Led by Dr. Sofia Locklear, this four-part learning experience will help participants build culturally grounded, community-centered evaluation practices while also meeting funder requirements. Through two prerecorded videos and two interactive live workshops, participants will explore Indigenous evaluation frameworks, Indigenous data sovereignty, meaningful measurement, and practical strategies for creating evaluation systems that are both useful and sustainable.

Dr. Sofia Locklear is an enrolled member of the Lumbee Tribe of North Carolina and an Assistant Professor of Sociology at the University of Toronto Mississauga. She is also a CIFAR Global Scholar.

Her work sits at the intersection of Indigenous evaluation methodologies, Indigenous data sovereignty, and public health. Drawing from her experience with the Urban Indian Health Institute, Dr. Locklear specializes in helping organizations bridge traditional knowledge, community priorities, and contemporary reporting requirements so Indigenous stories are represented accurately, respectfully, and with dignity.

Pre-recorded Webinars

Prerecorded Video 1: Indigenous Evaluation

Released July 15, 2026

Video 1 explores why evaluation matters, how evaluation can reflect Indigenous values, and how organizations can remain accountable to both their communities and their funders.

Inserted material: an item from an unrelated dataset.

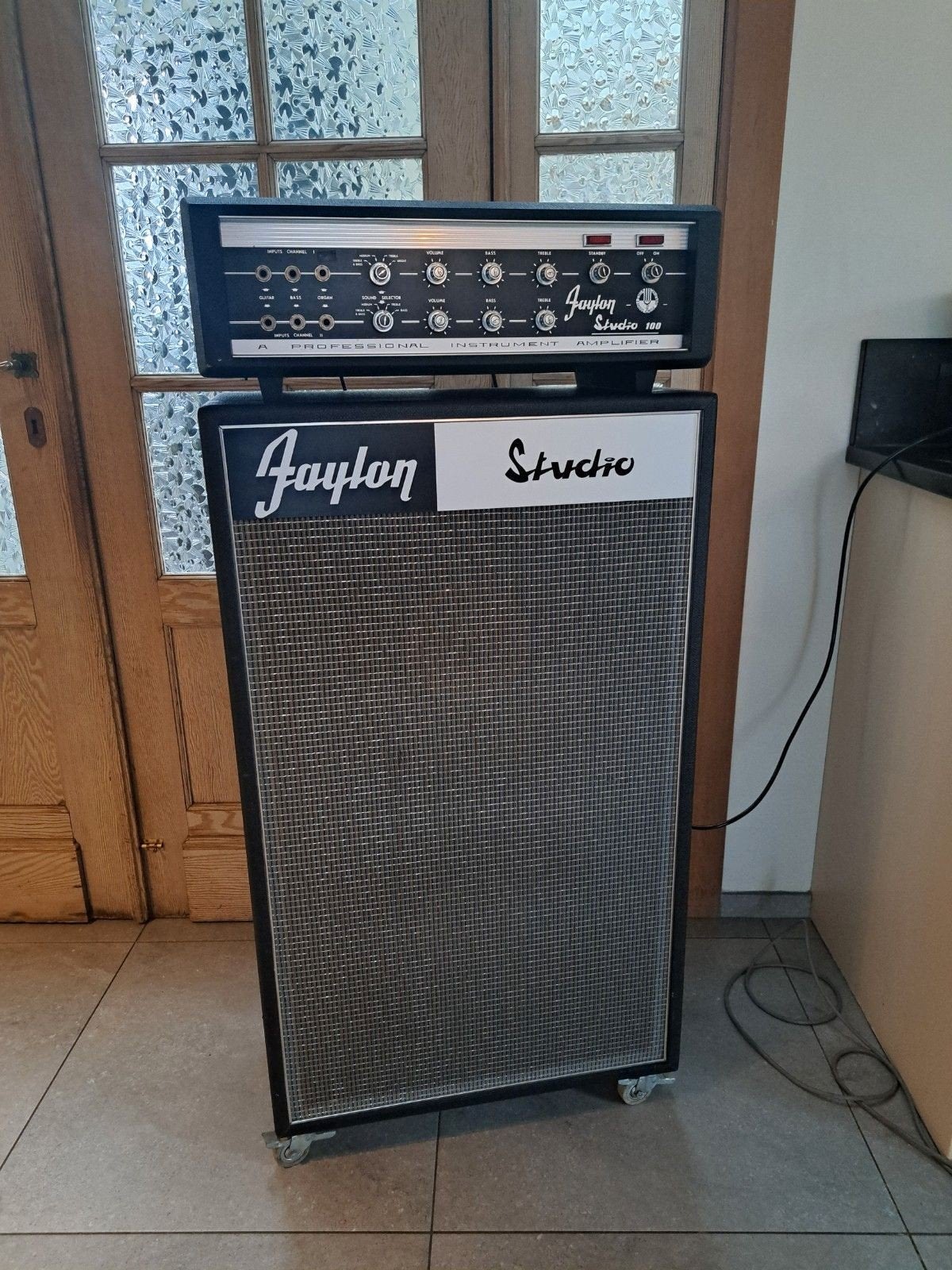 Faylon Studio 100, Ophalen, Zo goed als nieuw, Gitaar, 50 tot 100 watt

Prerecorded Video 2: Indigenous Data

Released July 15, 2026

Video 2 introduces Indigenous data, culturally relevant measurement, and accessible ways to collect and manage information.

Live Interactive Sessions

Live Session 1: Designing Community-Centered Evaluations

July 29, 2026
9:00 a.m. Hawaiʻi Time
90–120 minutes

This interactive workshop provides a practical framework for transforming strategic plans and program goals into meaningful evaluation systems.

Participants will develop culturally grounded evaluation questions, identify measurable outcomes and indicators, and begin creating evaluation plans that integrate program objectives, community priorities, and Indigenous data sovereignty principles.

By the end of the session, participants will have tools to measure impact in ways that are both funder-ready and community-centered.

Live Session 2: Streamlining Evaluation and Reporting

August 12, 2026
9:00 a.m. Hawaiʻi Time
90–120 minutes

Managing multiple funder requirements can create significant reporting burdens for Indigenous and Native-serving organizations.

This session will help participants develop a more cohesive organizational approach to evaluation and reporting. Participants will explore strategies for aligning multiple funder expectations, reducing duplication, strengthening data management practices, and integrating evaluation into daily operations.

The session will also focus on using evaluation findings to improve programs, communicate impact, and support organizational sustainability.